Netflix recently released a nature documentary narrated by David Attenborough, the famed nature documentarian. While there are plenty of nature documentaries out there, and many narrated by Attenborough, Our Planet is different because of the loss it highlights. The world’s population of vertebrates has declined by an average of 60 percent, mainly due to human development, deforestation, overfishing and climate change. Our Planet highlights the loss that humans are responsible for.

 

The documentary was produced in part with WWF, the international wildlife conservation nonprofit and their voice of advocacy is present throughout the series.

 

In one study, a group of researchers tried to determine the weight of all of the life on Earth, taking into account what was missing. They found that the weight of land mammals is seven times lower now than it was before the arrival of humans. For marine mammals, whales included, are one-fifth of their previous weight because of how many were hunted into near extinction.  

 

While nature documentaries can narrate the loss of wildlife populations due to climate change, it’s hard actually to show the enormity of these losses. Our Planet does so while still displaying the beauty that is left. In one episode, the show switches from Attenborough discussing the adaptability of carnivorous plants in Borneo to a time-lapse animation taken from space, highlighting how in the last 50 years, the island has lost half of its forest. Another episode lingers on the bleached, dying corals located in the Great Barrier Reef of Australia.

 

One of the most heartbreaking scenes in the series comes when the camera shows a huge group of walruses gathered on a tiny piece of dry because of the shrinking ice in the Arctic. Because the group is so crowded, some walruses take to climbing a tall cliff to get away from the crowd. When the walruses need to climb down the cliff to feed, they can’t.

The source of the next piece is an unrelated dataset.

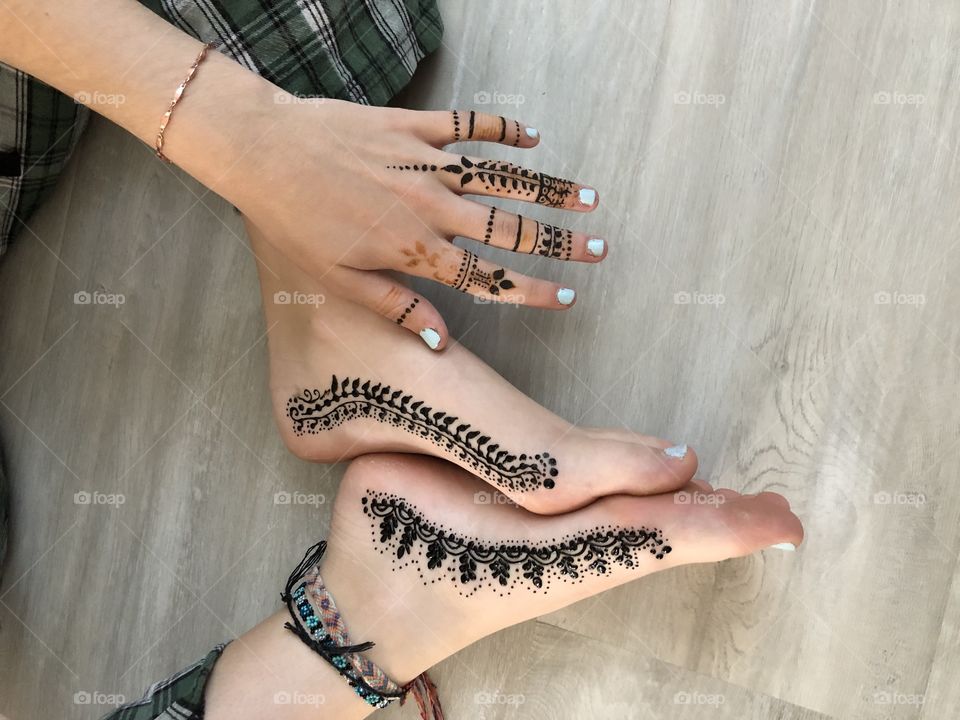 Hand and feet henna design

Instead, all 2,000 pounds of the walrus falls painfully down the steep cliff, almost as if being pushed by humans.

 

The use of beautiful cinematography and shots taken during the golden hour of late afternoon give the feeling of the sun setting and night falling on our planet, a visual metaphor of the devastation caused by climate change.

 

In a world that has about a decade left to make any meaningful changes to combat climate change, showcasing how much we stand to lose is incredibly poignant.